В этом плане биографию Горького и его непростые отношения с большевистскими вождями можно считать своего рода образцово-показательными: именно по такой модели будет строиться использование деятелей науки и культуры тоталитарными режимами. Мирабо и Шенье не спасли от плахи их достижения в науке и искусстве; дело не в том, что они не были такими «великими», как Горький, и не в том, что революция, расправившаяся с ними, была более кровавой, чем Октябрьская.
Распространение информации находилось в конце XVIII в. в эмбриональном состоянии, и не было ничего похожего на мировое общественное мнение. Можно сослаться на рискованный, но все же допустимый пример, взятый из другого исторического контекста: в пространстве свободы, отведенном фашистским режимом под экстравагантные выходки Габриэле д’Аннунцио, не нашлось бы места для другого исторического персонажа, не обладающего такими возможностями воздействовать на массовое сознание. Этот пример в какой-то степени подкрепляет наше мнение о причинах тех поразительных вольностей, которые были дозволены Горькому с его «Несвоевременными мыслями», но которые дорого обошлись его менее знаменитым сотрудникам.

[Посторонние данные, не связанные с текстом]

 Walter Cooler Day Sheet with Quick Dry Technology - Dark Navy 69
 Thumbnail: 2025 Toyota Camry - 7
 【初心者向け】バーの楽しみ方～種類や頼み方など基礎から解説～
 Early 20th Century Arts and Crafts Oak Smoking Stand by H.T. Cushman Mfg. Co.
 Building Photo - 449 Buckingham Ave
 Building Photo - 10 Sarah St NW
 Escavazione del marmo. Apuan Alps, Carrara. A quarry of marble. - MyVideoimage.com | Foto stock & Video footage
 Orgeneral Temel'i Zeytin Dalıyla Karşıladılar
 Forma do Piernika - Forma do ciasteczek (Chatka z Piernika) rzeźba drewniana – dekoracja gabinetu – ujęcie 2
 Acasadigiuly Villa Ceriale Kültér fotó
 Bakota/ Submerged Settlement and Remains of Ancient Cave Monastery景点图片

В жизни Горького нет больше примеров такого постоянства в осуществлении политической и публицистической деятельности, как во времена «Несвоевременных мыслей». Основной ее пафос – решительное неприятие большевистских методов руководства революционным процессом. Будучи деятельностью по преимуществу журналистской, она не отличается идеологической последовательностью, что Горькому вообще свойственно. Стимулом к политическим размышлениям служит, как правило, какой-либо эпизод из хроники событий этого страшного года, письмо читателя или необходимость откликнуться на очередной выпад со стороны «Правды». Но при всей разнородности поводов для газетных выступлений антибольшевистская позиция Горького вырисовывается в них с большой определенностью.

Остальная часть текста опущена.